Tracking by source IP is not working so well anymore. It's too easy for spammers to send through a compromised Windows machine or open proxy. Websites, however, are a bit more established, possibly need to be on larger machines, and need to be pointed to by DNS. I suspect there are fewer of them and they move more slowly.

It's a shame SA is in Perl...

I guess Bill Stearn's blacklists come close to this, but I think listing IP blocks might be a little better than listing domains.

The most recent crap mentions http://railway.cosmic.demarcate.excretory.breast. d.bunny.deere.halfoffsalenow.biz/.

This IP is in the SBL. As of now, the Stearns blacklist blocks mail from that domain, but not mail mentioning that domain.

(Actually I think I would be pretty happy just not seeing any mail from .biz, or indeed anyone who has a bizness.)

Looking through spam missed by SpamAssassin, I see one case which would have failed, which is a supposed porn site on Geocities. It's dead now, and presumably was dead by the time I looked at the mail.

Another loophole is a goatse-style redirector: http://g.msn.com/0AD0000G/573055.1?http://128jyw.com/?rd=12&e=

That's really MSN's problem though.

email fees and viruses

aj discusses the problems of pay-per-email transmission:

One objection to email fees is related to email viruses: if every email you send costs a cent, and you get a virus that sends out 20,000 emails you've just lost $200. That sucks. Fortunately, that's straightforward avoidable by limiting the amount of money your computer can access without your authorisation (by way of password, eg). If you limit the amount of money your computer has access to to $5, that's 500 emails you can send before you have to worry about recharging your account (more presuming you get sent some emails), and if you do get infected by a virus, you only lose $5, which is a nuisance, but not a big deal. Odds are you lose that much in time anyway. And even better, instead of sending out 20,000 emails, you've only sent out 500, reducing the problem globally.

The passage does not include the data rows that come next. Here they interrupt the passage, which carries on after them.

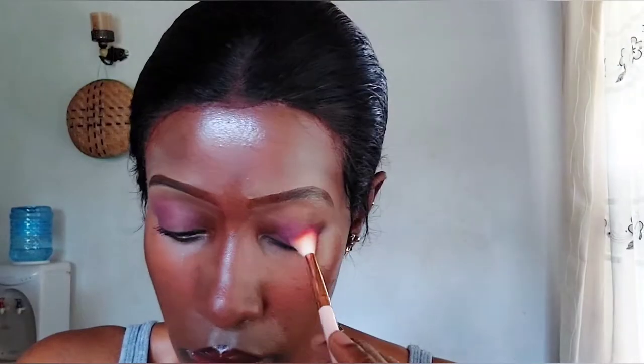Next step is eyeshadow. The eyeshadow I'm using is from the I Heart Revolution Turkish Delight palette, and the shade is a pink shade called Roses. I'm applying it all over my eye so it's going to serve as a base color. Remember, the daytime look did not have any eyeshadow. If you want, you can also apply concealer before the eyeshadow, but I just chose to apply the eyeshadow first.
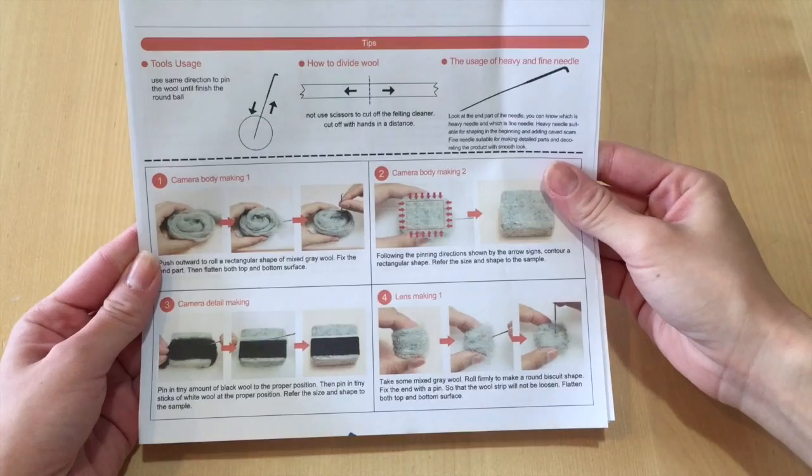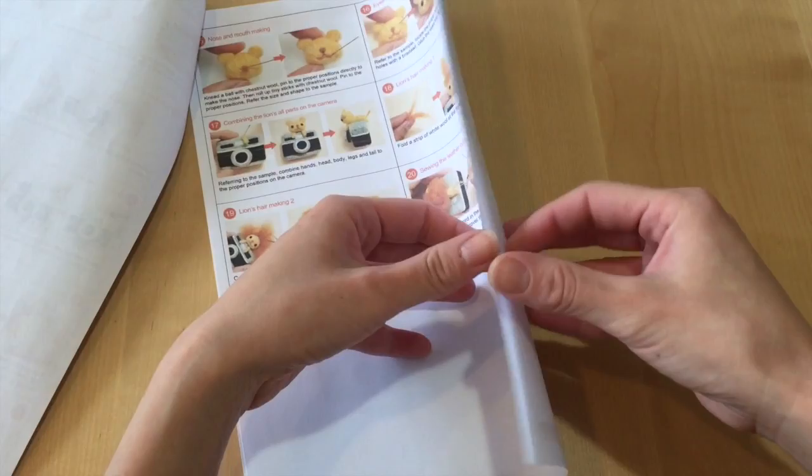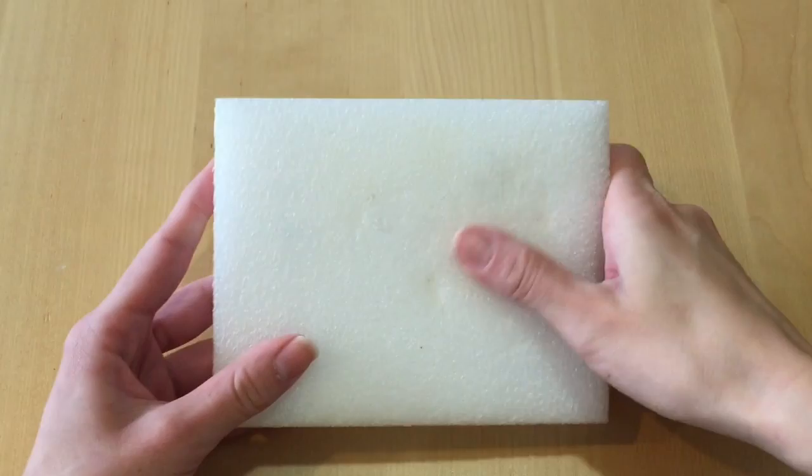This kit comes with instructions and if you look very closely they're all in Chinese, but there are a lot of pictures so you know exactly what's going on. For my viewers who are going to win the giveaway, I will actually be sending you a copy of the instructions in English. So if you have a hard time following this video you can definitely look at the instructions in English, but overall it's a very easy project to create.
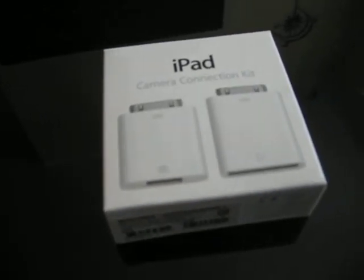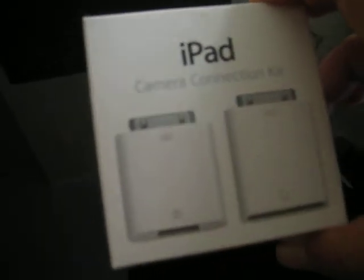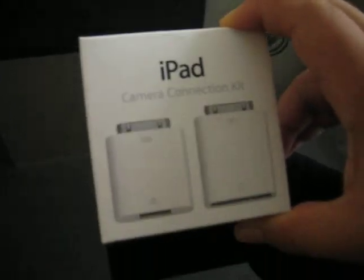Hello everyone, so this is my last iPad accessory unboxing and this is the iPad camera connection kit.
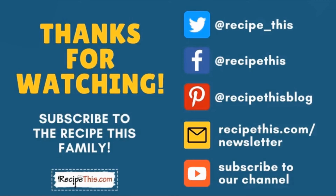Thanks for watching. We have a huge collection of kitchen gadget recipes including air fryer, Instant Pot, slow cooker, soup maker, and many others. Don't forget to subscribe to our channel and follow us on social media. Join our newsletter at RecipeThis.com/newsletter — we have plenty of printable cooking time cheat sheets, free ebooks, and mini courses to help you on your kitchen gadgets journey.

I don't think this is a very good fix. Suppose that this plan was adopted and we had paid-for stamps on email. Suppose as well that, as at present, a lot of spam is sent through compromised end-user machines.

Presumably there would be some way for your email client to prompt you to buy some more stamps when you run low. Perhaps Outlook pops up a little dialog prompting for your credit card. There is already a large increased risk that people will become accustomed to typing in their credit card when their MUA asks, and some users will store their credit card number in the MUA's memory.

An analog for this already exists in trojan dialler programs, where a compromised machine calls a premium-rate 1-900 or 0055 number to generate a large phonebill, some fraction of which gets back to the scammer. It seems like the law or policy here is that because the user's system really did dial the number, the user is liable for the call. Presumably the same would happen for spam.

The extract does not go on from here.